_What you need to do_
The answer must consist only of the lines in the records below from the line with "Fiori di Lena" to the line with "2012 XC70 3.2", both included, copied word for word with every picture left out.

_Materials provided_
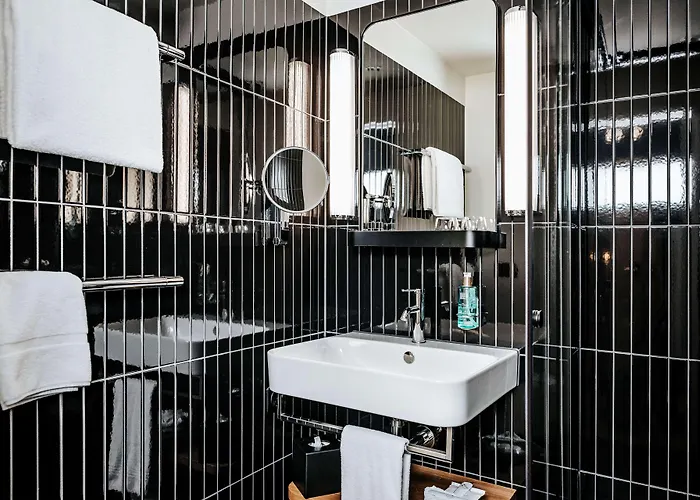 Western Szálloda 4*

* * *

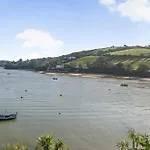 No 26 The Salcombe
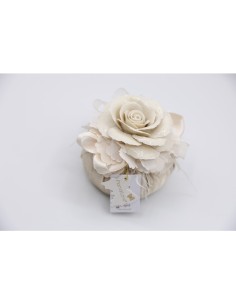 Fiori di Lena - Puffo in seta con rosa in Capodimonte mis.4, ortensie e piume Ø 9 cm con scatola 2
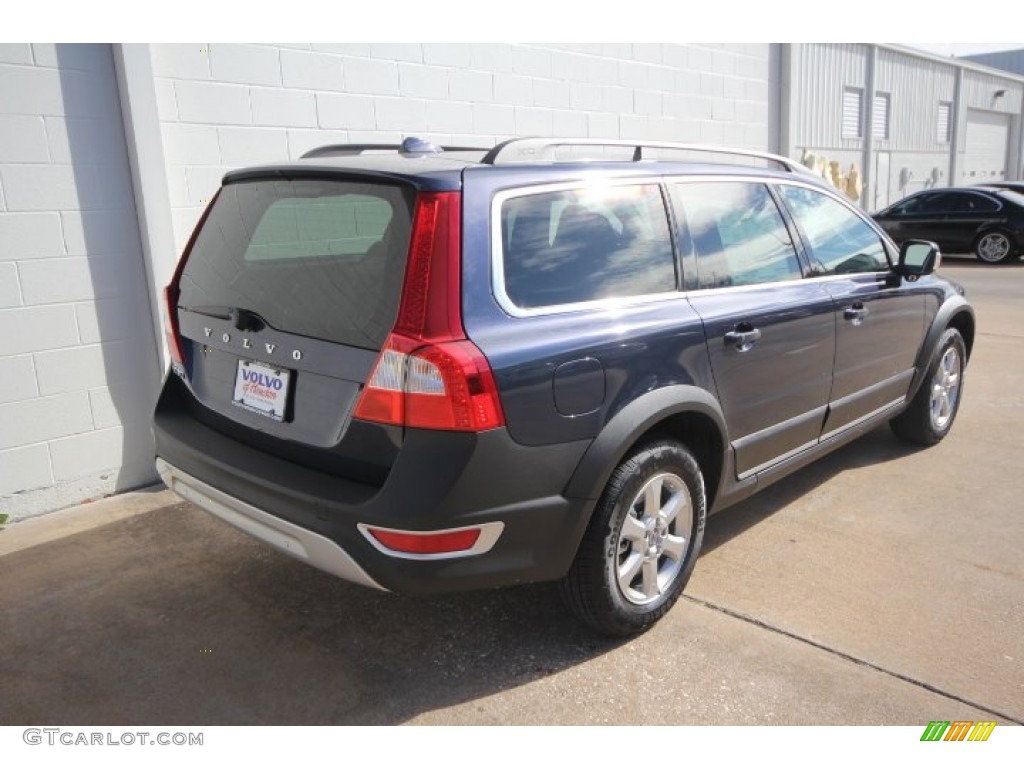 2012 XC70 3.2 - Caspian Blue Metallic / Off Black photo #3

_Finished exercise_
 Fiori di Lena - Puffo in seta con rosa in Capodimonte mis.4, ortensie e piume Ø 9 cm con scatola 2
 2012 XC70 3.2 - Caspian Blue Metallic / Off Black photo #3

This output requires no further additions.